A media ceasefire has been declared in the public spat between Cape Town mayor Patricia de Lille and the DA.
A source close to the DA caucus in Cape Town told The Citizen that as part of the beleaguered mayor’s deal for the party not to proceed with a motion of no confidence against her, De Lille has agreed not to speak to the media about matters relating to the investigation into allegations against her, or the disciplinary process she faces next month.
“She has agreed not to communicate with witnesses and launching ad hominem attacks on people while these proceedings carry on, and we will reciprocate,” said the source.
On Thursday, the official opposition announced that De Lille had signed a deal at the last minute, thwarting another opportunity for party members to vote her out as mayor, pending the disciplinary proceedings she faces in August.
The source added the DA had hoped to have wrapped up this internal process and reached a verdict by the end of next month, after which another motion of no confidence could be brought against her.
“It’s also very difficult to have meaningful processes while being constantly complicated by endless media statements; when we brought the motion forward, she was then facing two processes running concurrently,” said the source. “One of which – the disciplinary process – is possibly coming to a head by the end of August, and the other being the criminal investigation which has taken absolutely forever. It has been mind-numbingly slow.”

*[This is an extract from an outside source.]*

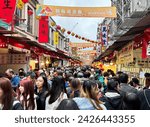 Small photo of Taipei City, Taiwan - Feb 8th,2024: Every year, in the two-week run up to the Lunar New Year break, businesses along Taipei’s Dihua Street hold a special Lunar New Year specialties market.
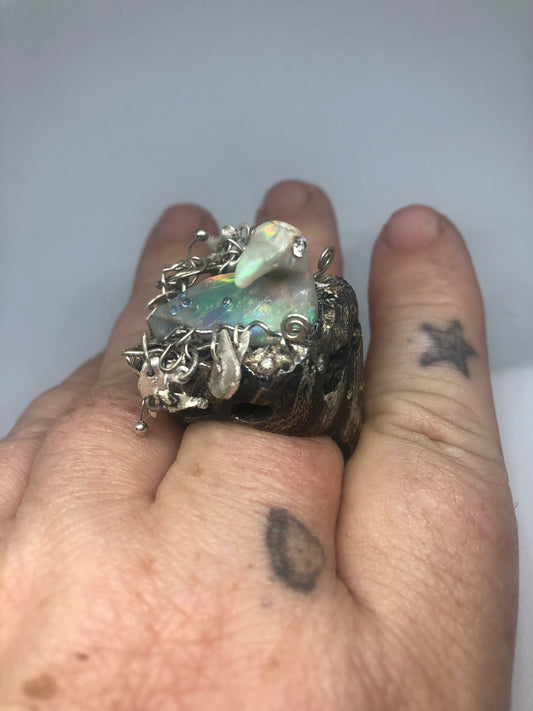 Opal Carved Bird taking a bath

The source said the party’s main goal had always been to force a “reluctant” De Lille to answer to the slew of allegations against her, including possible corruption, bribery and trying to influence the election of certain city officials.
The source accused De Lille of continuously refusing to cooperate with the two investigations into allegations of corruption.
It alleged that several reports of threats, blackmail, and intimidation among caucus members emerged in the days and weeks leading up to this week’s abandoned motion of no confidence.
Numerous attempts this week to contact De Lille and her office for comment on the deal she signed with the party proved unsuccessful.
It could simply mean she’s keeping to her side of the bargain.